Com a concessão de alvarás para atividades de baixo risco, de forma digital e automática, a administração pública se concentraria naquilo “que realmente importa, que são as operações que podem oferecer maior risco”, disse o secretário especial de Desburocratização, Gestão e Governo Digital, Caio Paes de Andrade, em nota, no dia do lançamento da resolução.
“A proposta do governo traz mais riscos que benefícios. As consequências das obras sofrerem atrasos no licenciamento é menor do que o impacto de ações que venham a ser conflitantes com o interesse público”, afirma o arquiteto e urbanista Fernando de Mello Franco.
A ideia de reduzir o tempo na liberação de licenciamento de obras é positiva para o ex-secretário de Desenvolvimento Urbano de São Paulo, Fernando Chucre. Segundo ele, a maior parte dos pedidos, hoje, refere-se a pequenos projetos. “É preciso tirar esses processos do balcão da prefeitura. Não se pode penalizar a sociedade porque alguém não cumpre a regra”, diz. Segundo ele, a maior parte dos projetos são legais e prazo de espera chega a representar 10% do custo da obra.

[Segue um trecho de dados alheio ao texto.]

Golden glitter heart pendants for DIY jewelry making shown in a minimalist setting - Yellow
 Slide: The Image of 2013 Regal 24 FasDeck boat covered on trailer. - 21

Chucre diz que, embora polêmica, a ideia coincide com uma iniciativa paulistana, que criou o Sistema de Licenciamento Eletrônico de Construção. Essa foi, no entanto, uma decisão tomada pelo próprio município. Torná-la nacional, diz, traz entraves jurídicos.
A resolução do ministério retira dos municípios a atribuição constitucional de licenciar obras e expedir alvará para a atividade. Especialistas demonstram preocupação. O professor de Direito da Fundação Getúlio Vargas, André Rosilho, afirma que, mesmo sem conhecer a resolução com detalhes, considera “complicado” que um tema que altera normas municipais venha de uma resolução e não de uma mudança na legislação.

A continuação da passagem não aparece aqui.